== Segment start ==

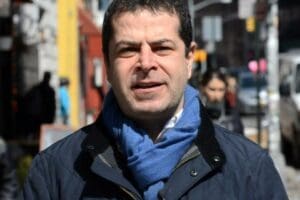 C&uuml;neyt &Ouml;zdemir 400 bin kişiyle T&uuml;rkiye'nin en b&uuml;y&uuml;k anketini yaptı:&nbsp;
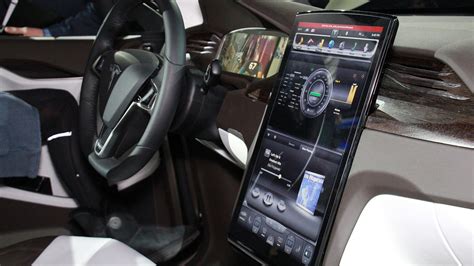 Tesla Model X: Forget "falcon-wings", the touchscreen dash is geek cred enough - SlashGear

== Segment end ==
== Segment start ==

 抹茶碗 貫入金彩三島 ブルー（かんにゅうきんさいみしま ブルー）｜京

== Segment end ==

▶ **Problem description**
Without the pictures, give again exactly the lines above starting at the line containing "C&uuml;neyt &Ouml;zdemir 400" and ending at the line containing "enough - SlashGear".

▶ **Solution**
 C&uuml;neyt &Ouml;zdemir 400 bin kişiyle T&uuml;rkiye'nin en b&uuml;y&uuml;k anketini yaptı:&nbsp;
 Tesla Model X: Forget "falcon-wings", the touchscreen dash is geek cred enough - SlashGear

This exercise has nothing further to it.